Monday, March 8, 2010

Balanced coverage of religious violence?

Maybe you have heard about the religious, social, and ethnic tensions in parts of Nigeria. Here was a headline today from the AFP:




http://news.yahoo.com/s/afp/20100308/wl_afp/nigeriaunrest



Machete attacks on Christian villages kill 500-plus in Nigeria



This was the first news headline on Yahoo! at 4:30PST, so millions of eyes may have browsed it in a matter of minutes. It's terrible and despicable; I think we all can agree. What's also terrible is that in this 791-word article, not until the 717th word do readers learn of a potential motive for the attack:

Rights activists said the slaughter appeared to be revenge for the January attacks in which mainly Muslims were killed.

In high school journalism, they told us to structure stories like inverted pyramids, with the most important facts coming earlier. Isn't motive pretty important, or do they deliberately bury anything that makes Christians into aggressors and Muslims into victims? If you had 10 seconds to scan the article, starting from the lead, you may assume that a bunch of Muslim barbarians slaughtered innocent Christians minding their own business. Like Osama and the Hollywood depictions, every Muslim on the planet appears to be very hostile against non-Muslims.

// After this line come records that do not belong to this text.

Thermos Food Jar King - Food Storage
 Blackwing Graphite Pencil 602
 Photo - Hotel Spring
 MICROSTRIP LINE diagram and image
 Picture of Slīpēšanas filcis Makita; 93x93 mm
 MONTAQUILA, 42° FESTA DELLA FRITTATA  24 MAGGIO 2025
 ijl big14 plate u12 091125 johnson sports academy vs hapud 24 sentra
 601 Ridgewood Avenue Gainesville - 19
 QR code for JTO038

Not that a prior attack justifies this atrocity, but it adds context. Apparently the author and editor felt that marginally-relevant material like this was more important than motive:

The Vatican led a wave of outrage with spokesman Federico Lombardi expressing the Roman Catholic Church's "sadness" at the "horrible acts of violence".

"People were attacked with axes, daggers and cutlasses -- many of them children, the aged and pregnant women."

I seriously doubt that the Christian-on-Muslim attack in Jos in January got as much attention. Apparently the AFP did minimally report on that clash, but the article was much shorter, and again, you only learn in the last sentence that 364 of the 492 victims were Muslim, suggesting that the violence was majority perpetrated by Christians. But many scholars think that this year's violence is not primarily due to religion, as the two warring groups also compete for agricultural resources, speak different languages, and have different tribal origins.